As it seems that American interests lie elsewhere for now, other nations are eagerly pursuing free trade agreements, both with individual countries and trade blocs that encompass several countries in Latin America.

Mercosur is one such pact; it serves Argentina, Uruguay, Paraguay and Brazil. They have recently entered into a trade agreement with the European Union, an arrangement that will benefit everyone.

Whereas Japan has longstanding ties with Latin America in general, China is now pouring investment capital into select countries’ infrastructure and modernisation. To wit, several Chinese companies recently bid on Brazil’s planned expansion of their railroad system.

While the Chinese may have a way to go before they can sway Brazilian officials away from their ties with Japan, they are on track to influence Caribbean nations.

Through disaster relief as well as trade deals, loans and investments, China is making its mark in Latin America, almost so quietly that it has gone without notice.

Does China’s competition with Japan in Latin America have anything to do with geopolitics in Asia?

Naturally, Russian diplomacy in Latin America is making great strides; theirs is a symbiotic relationship that cannot be overlooked.

Latin America, essentially ignored until recently as a global political and economic entity, and Russia, politically and economically shunned by European and American leaders have found that, together, they can bolster each other’s global standing.

Trade deals, arms and technology have made their way from Russia into Nicaragua, Cuba and Bolivia, effectively giving Mr Putin acceptance and validation to balance out the global criticism of his domestic and international policies.

It also provides him with a back door into European and American politics – a possibility that some might say has sinister overtones.
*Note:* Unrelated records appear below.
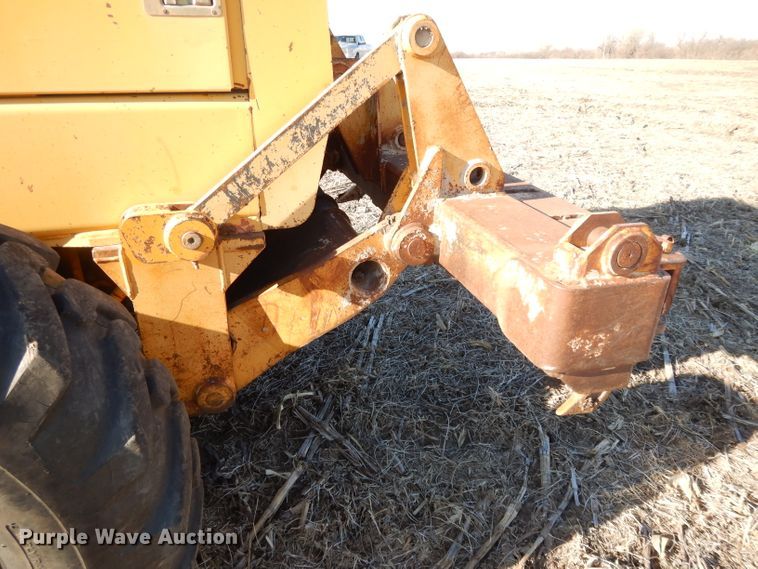 image for item DI8213 1997 John Deere 770B  motor grader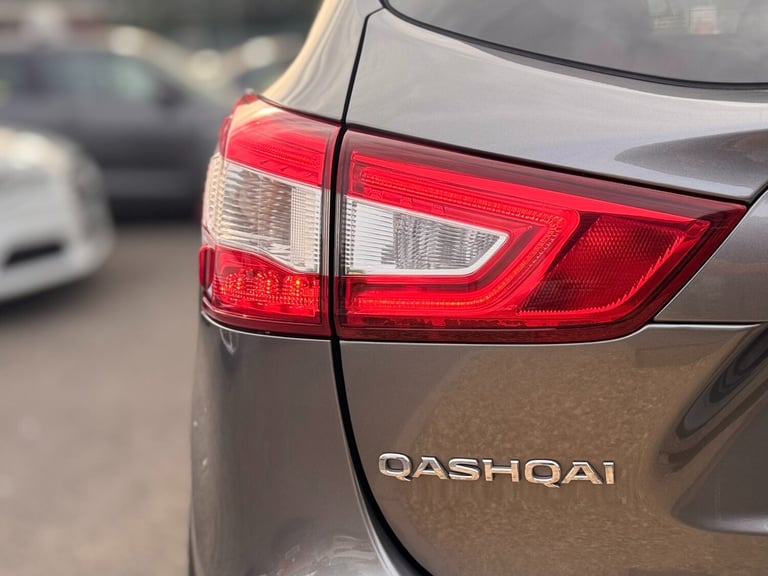 2015 Nissan Qashqai 1.6 dCi Tekna 5dr 4WD HATCHBACK Diesel Manual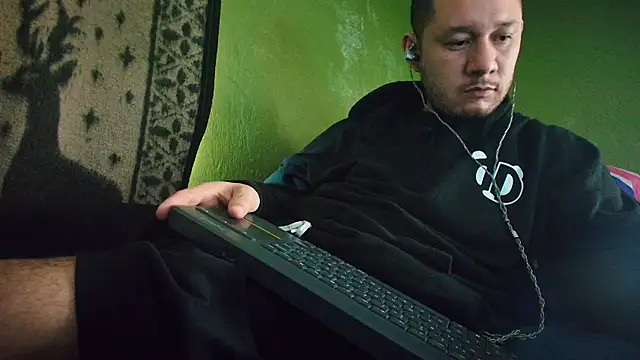 Snapshot of sweet_cock28 chatting on February 2, 2:56 pm sweet cock28 online show from February 2, 2:56 pm
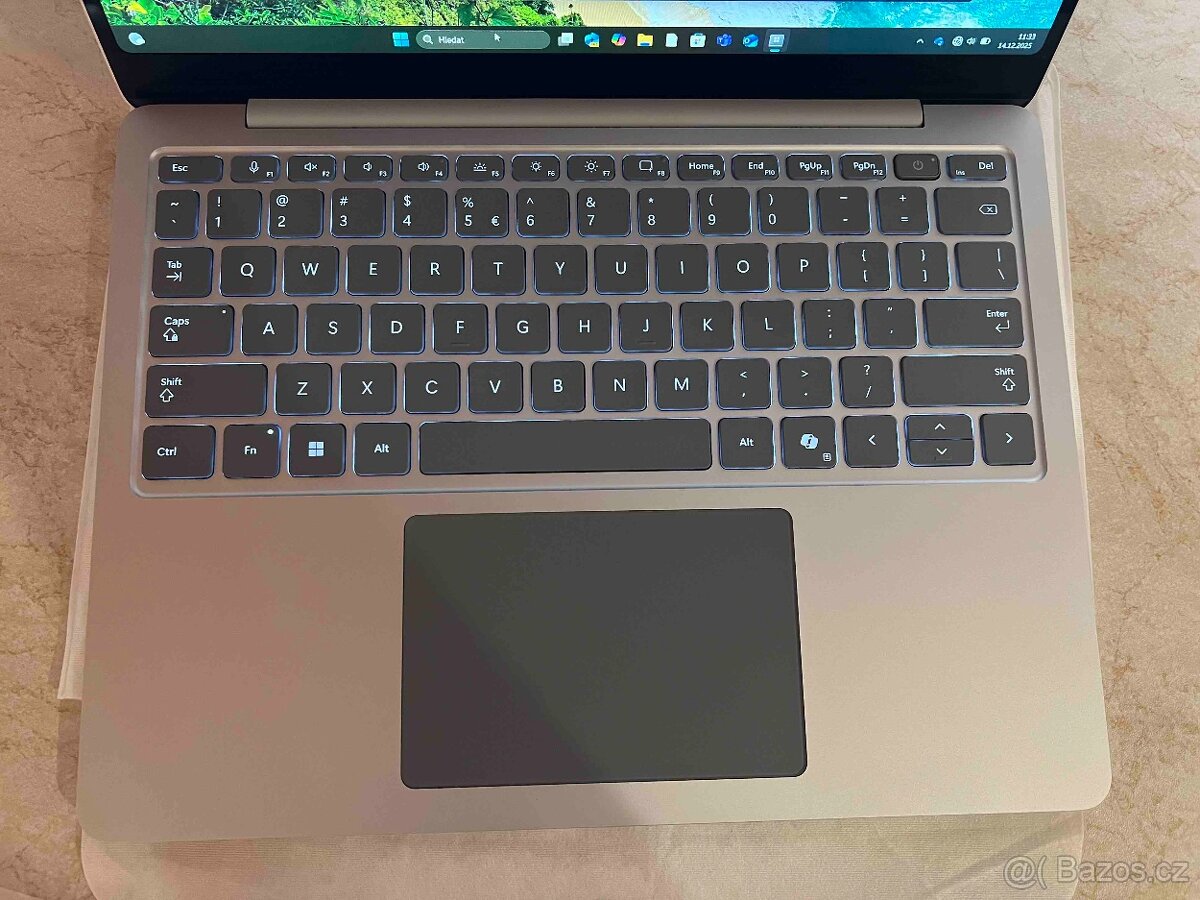 Surface Laptop Copilot+ PC 13″ – Snapdragon - 6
What do European geopolitics have to do with Russia?

Finally, South African involvement in Latin America has grown over the last 15 years, specifically with Mexico, Cuba and Brazil; with Peru unveiling a plan to boost ties with several African countries.

Africa and Latin America have several points in common, from the mining of raw materials to being largely overlooked in global affairs.

A look at African geopolitics shows that their main focus for trade and relations remains the northern hemisphere; a position which essentially renders Latin America a competitor because that region’s goals are the same.

Unlike other regions around the globe – Asia and in particular the Middle East, Europe and Africa, Latin America’s impact on world politics and economy has been minimal – and mostly overshadowed by her low place on the global peace index.

That contrasts sharply with those countries’ recent advances in the energy and industry sectors.

Now, wealthier countries are casting avid eyes on the riches to be had in Latin America, till now largely untapped, and are fairly tripping over themselves to be among the first providers of capital and service in order to reap the largest gains.

Only time will tell whether Latin American countries’ leaders will be compelled to ‘sell to the highest bidder’ or whether she will find her place as a global power.